-- Opening Marker --

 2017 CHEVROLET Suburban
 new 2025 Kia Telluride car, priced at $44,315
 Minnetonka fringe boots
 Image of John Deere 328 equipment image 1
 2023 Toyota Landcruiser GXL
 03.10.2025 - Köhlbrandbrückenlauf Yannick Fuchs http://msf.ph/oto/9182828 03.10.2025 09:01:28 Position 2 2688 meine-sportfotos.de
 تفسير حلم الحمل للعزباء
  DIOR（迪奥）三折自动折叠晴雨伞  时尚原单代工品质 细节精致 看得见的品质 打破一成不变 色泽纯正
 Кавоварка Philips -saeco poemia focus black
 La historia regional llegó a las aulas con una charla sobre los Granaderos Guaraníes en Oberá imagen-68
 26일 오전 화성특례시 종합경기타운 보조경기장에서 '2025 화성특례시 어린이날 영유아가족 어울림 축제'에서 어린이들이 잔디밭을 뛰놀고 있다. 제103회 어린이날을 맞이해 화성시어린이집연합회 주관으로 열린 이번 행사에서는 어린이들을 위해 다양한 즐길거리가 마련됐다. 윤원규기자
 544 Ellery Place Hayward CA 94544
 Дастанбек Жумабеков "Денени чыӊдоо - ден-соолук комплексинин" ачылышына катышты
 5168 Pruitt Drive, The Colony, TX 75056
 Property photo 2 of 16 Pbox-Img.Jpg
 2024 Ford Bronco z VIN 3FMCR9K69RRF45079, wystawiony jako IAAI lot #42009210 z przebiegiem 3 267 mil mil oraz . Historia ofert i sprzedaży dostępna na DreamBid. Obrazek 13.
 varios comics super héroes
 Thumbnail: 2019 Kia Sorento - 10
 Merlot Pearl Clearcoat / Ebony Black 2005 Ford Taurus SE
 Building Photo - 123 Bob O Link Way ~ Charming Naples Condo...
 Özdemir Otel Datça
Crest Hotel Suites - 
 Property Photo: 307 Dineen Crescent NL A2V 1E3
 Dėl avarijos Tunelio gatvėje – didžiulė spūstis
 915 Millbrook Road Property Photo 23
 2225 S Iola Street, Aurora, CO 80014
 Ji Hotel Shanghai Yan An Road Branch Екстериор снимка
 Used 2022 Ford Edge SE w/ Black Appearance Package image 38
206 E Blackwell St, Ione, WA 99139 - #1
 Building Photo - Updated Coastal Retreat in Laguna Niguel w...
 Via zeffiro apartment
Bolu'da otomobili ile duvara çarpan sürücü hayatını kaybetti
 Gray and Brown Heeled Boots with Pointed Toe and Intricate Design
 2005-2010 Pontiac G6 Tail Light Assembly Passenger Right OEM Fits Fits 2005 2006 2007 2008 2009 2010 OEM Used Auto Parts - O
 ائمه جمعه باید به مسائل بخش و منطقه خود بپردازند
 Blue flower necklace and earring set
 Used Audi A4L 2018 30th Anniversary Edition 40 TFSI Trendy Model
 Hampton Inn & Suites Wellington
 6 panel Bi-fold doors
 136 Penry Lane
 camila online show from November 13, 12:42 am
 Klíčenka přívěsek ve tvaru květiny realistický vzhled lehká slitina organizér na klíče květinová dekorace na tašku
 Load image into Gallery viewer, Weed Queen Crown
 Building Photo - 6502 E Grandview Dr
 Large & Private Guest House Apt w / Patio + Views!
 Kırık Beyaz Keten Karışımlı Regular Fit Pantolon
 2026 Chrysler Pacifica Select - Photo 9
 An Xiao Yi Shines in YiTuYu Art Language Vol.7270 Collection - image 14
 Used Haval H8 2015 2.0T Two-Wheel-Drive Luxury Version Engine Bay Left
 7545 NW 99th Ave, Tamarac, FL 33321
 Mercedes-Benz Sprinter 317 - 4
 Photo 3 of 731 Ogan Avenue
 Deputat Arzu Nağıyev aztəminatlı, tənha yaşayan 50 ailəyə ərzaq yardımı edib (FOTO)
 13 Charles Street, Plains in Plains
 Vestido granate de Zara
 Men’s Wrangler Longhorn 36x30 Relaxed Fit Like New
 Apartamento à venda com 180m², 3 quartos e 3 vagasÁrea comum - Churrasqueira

-- Closing Marker --

Exercise requirements> Within the data above, how many lines contain "Drive"? Respond with the tally alone.

Written reply> 2